Movies with a mental illness subtext always have a glib grasp of their malady, but our writer-director team keep that in the background, minimizing this common shortcoming.
Milo Gibson, brother of co-director Louie — both of them sons of Oscar-winner Mel Gibson — shows us the fears of a man out of his element, struggling to keep it together but increasingly frazzled and paranoid about his role as family provider and protector.
Mahendru manages a subtle enough version of wife Alice’s mental struggles. Michael Cudlitz plays a neighbor who reminds us that not everyone who uses firearms is a nut, and allows us to underestimate him with a performance of sober depth.
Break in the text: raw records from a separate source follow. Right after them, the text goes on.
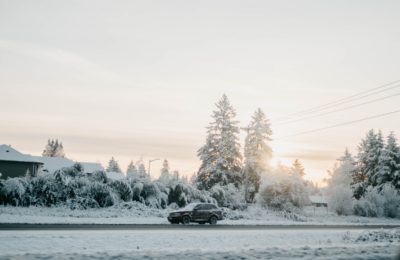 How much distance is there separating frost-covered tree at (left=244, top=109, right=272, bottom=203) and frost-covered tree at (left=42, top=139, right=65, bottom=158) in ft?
278

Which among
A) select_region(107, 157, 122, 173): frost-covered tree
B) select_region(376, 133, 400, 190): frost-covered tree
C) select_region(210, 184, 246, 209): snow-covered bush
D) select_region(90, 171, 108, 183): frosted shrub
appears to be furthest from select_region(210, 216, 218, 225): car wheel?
select_region(107, 157, 122, 173): frost-covered tree

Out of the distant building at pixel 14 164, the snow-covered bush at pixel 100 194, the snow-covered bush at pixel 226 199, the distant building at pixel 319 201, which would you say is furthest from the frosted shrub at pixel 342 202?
the distant building at pixel 319 201

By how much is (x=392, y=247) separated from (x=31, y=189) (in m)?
29.0

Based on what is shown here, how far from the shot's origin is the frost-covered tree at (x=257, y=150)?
215ft

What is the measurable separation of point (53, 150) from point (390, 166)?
109 m

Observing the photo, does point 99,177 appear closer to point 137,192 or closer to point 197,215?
point 137,192

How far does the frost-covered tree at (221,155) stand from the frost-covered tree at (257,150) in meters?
2.92

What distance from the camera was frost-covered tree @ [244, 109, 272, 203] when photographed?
65.6 metres

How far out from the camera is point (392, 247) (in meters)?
16.6

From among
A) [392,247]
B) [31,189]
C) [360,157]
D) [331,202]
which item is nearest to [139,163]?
[360,157]

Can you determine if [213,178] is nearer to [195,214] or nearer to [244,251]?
[195,214]

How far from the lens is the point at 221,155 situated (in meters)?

But young Kolker, of TV’s “Shooter” and “Agents of S.H.I.E.L.D” is our guide into the psyche of a tween trying to turn into a teen amongst the other kids in this world. Riley makes her own mistakes, flunks her own tests, comes to her own conclusions and might very well have her own mental issues thanks to the consequences of her family’s move, her father’s actions and her own response to them. And Kolker lets us see it all, and read just what is sinking in, what her next wrong move might be with us worried for her all along the way.
Rating: unrated, violence, teen drinking, profanity
Cast: Milo Gibson, Lexy Kolker, Annet Mahendru and Michael Cudlitz
Credits: Scripted and directed by Joe Dietsch and Louie Gibson A Samuel Goldwyn release.